Origin tale: Where do emojis come from?
There’s a lot of sushi on the emoji keyboard, and more meals in a bowl than most people need. And that’s not an accident.
The emoji was born in Japan. It is now administered by the Unicode Consortium (UC), a California-based not-for-profit network started by software engineers Joe Becker, Mark Davis and Lee Collins.
Unicode is an open-source initiative that essentially works with platforms like Google and Microsoft to ensure that languages look similar across websites, browsers and devices. They began working with emojis in 2010, uniformalising and expanding the little pictorial dictionary. Amid calls to make it more inclusive, there are now more races represented, and more cultures and cuisines.
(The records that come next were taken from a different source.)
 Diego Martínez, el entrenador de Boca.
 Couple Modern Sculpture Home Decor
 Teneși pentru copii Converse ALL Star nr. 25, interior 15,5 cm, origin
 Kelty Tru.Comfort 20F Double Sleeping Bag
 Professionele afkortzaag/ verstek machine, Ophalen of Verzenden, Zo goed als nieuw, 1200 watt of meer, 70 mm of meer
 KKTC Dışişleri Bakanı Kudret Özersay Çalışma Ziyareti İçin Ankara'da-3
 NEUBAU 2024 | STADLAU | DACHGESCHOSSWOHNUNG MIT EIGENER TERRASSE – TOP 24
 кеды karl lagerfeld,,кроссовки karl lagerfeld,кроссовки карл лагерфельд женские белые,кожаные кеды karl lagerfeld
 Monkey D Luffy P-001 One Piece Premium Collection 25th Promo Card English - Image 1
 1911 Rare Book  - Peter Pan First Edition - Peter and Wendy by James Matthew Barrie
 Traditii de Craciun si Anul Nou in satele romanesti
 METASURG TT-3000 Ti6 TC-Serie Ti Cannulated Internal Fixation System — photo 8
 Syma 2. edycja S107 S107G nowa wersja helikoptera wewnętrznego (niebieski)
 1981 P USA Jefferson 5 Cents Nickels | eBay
Anyone can propose an emoji. Many of the new types of emojis have, in fact, been a response to public demand. The most notable was when Unicode added the option, in 2015, of picking between skin shades for its various hand and face symbols.
Actual emojis introduced on request include breastfeeding woman, mosquito and paella. So how does one go about putting in such a request?
You start by drafting a proposal online, on unicode.org, with a note on the proposed character, a colour sample and a black-and-white image of the proposed emoji.
The criteria for approval are compatibility (whether it’s already being widely used as an icon or image on platforms like Snapchat and Twitter), expected usage level (it shouldn’t be too niche), distinctiveness, completeness (it should fill a gap in current set of emojis), and how often the proposed emoji has been requested or searched for.
The consortium decides which emojis to add, through a poll of it subcommittee members. Any individual can be on the subcommittee, for an annual fee of $75 ($35 for students). The UC subcommittee must reach a consensus on all proposals.
Once every three months, all proposals that make it past the first level go to the UC’s full voting members. There are currently 12 such members — including Netflix, Google, Adobe, Apple and Facebook; any company or organisation can become a full voting member for an annual fee of $18,000.
Once approved, they are forwarded to the technical committee, for eventual design and rollout. Each new emoji is posted on the Unicode website for public feedback. A final batch of new emojis is released each June.
In 2017, 56 new emojis were added, along with 183 emojis sequences for gender, skin tone and flags variations. Interestingly, likenesses of people (living, dead or fictional), deities and business logos are banned in the emoji world. Santa Claus is the only exception.
Once the new emojis are launched, it is up to the vendors [Apple, Facebook etc] to choose which ones they want to support on their operating systems.
Given the politics involved in trying to represent the world through a limited set of icons, emoji activism has become a full-time affair. There are activists campaigning for greater diversity; healthier food; equal representation (the bunny-eared woman was given a friend to dance with; and has been counterbalanced by dancing bunny-eared men) and peace over violence (which saw the gun emoji into a water pistol).
One such activist is Jennifer 8 Lee, founder of EmojiNation, who became a Unicode sub-committee member in 2016 and is now vice-chair of the subcommittee.
“I wanted to move the needle by being a part of the system,” she says. It was Lee who proposed that the dumpling emoji, which was added last year. Similarly, emoji activist Rayouf Alhumedhi, a student from Berlin, successfully campaigned for a headscarf emoji, also rolled out in 2017.
This year’s new emojis included a mango, tuk tuk, diya, peacock and teddy bear. Got more in mind? You know what to do.